Look for privacy. Does the site have a comprehensive privacy policy and terms of service that address both the job seeker and those posting the jobs? If it doesn't, move along. Can you limit access to your personal contact information? Some sites will collect only minimal personal information, while others will allow you to block the visibility of your contact information until you choose to release it to a prospective employer. Blocking access to your contact information may make it more difficult for an employer to reach you quickly, but may be a wise choice, especially if you are currently employed.

Next, do you know where the site gets its jobs and how it connects job seekers with employers? Many job boards use an aggregator, or software that searches large portions of the Internet to gather job postings from a variety of sources, including other job search sites, corporate websites, trade associations, professional groups and more. These are good because they provide the largest variety of job openings. However, you should not rely on aggregators alone for job leads. In general, boards that contain jobs posted directly by an employer are preferable because you will be dealing directly with the people who can hire you. Some sites allow postings by agencies hired by employers to find quality candidates. This could put you at a competitive disadvantage, and you may be giving up some control over how your information is used.

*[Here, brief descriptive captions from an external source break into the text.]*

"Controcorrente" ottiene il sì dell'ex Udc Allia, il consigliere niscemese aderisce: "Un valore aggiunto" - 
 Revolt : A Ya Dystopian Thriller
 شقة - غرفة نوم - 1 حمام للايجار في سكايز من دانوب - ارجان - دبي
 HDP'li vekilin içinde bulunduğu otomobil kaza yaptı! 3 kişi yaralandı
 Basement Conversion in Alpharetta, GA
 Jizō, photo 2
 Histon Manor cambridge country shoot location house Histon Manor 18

You also should consider how much interactivity you will have with the site. Once you create an account and post a résumé, what happens next? Does the site provide the ability to save searches and have the results e-mailed to you? Can you edit your résumé and control access to it? Can you store more than one version of your résumé and control who sees which? Can you delete your résumé or your entire account if you decide to no longer use the site?

A good job search does not rely on only one source for job leads. This means using online and offline resources, as well as more than one online source. But, if you decide to register with more than one job bank, be sure you are able to actively manage all your accounts. Can you monitor each regularly and make the same updates to your profile and résumé across all sites? Smartly researching and using a variety of online job resources can help you enhance your current career or start your next one.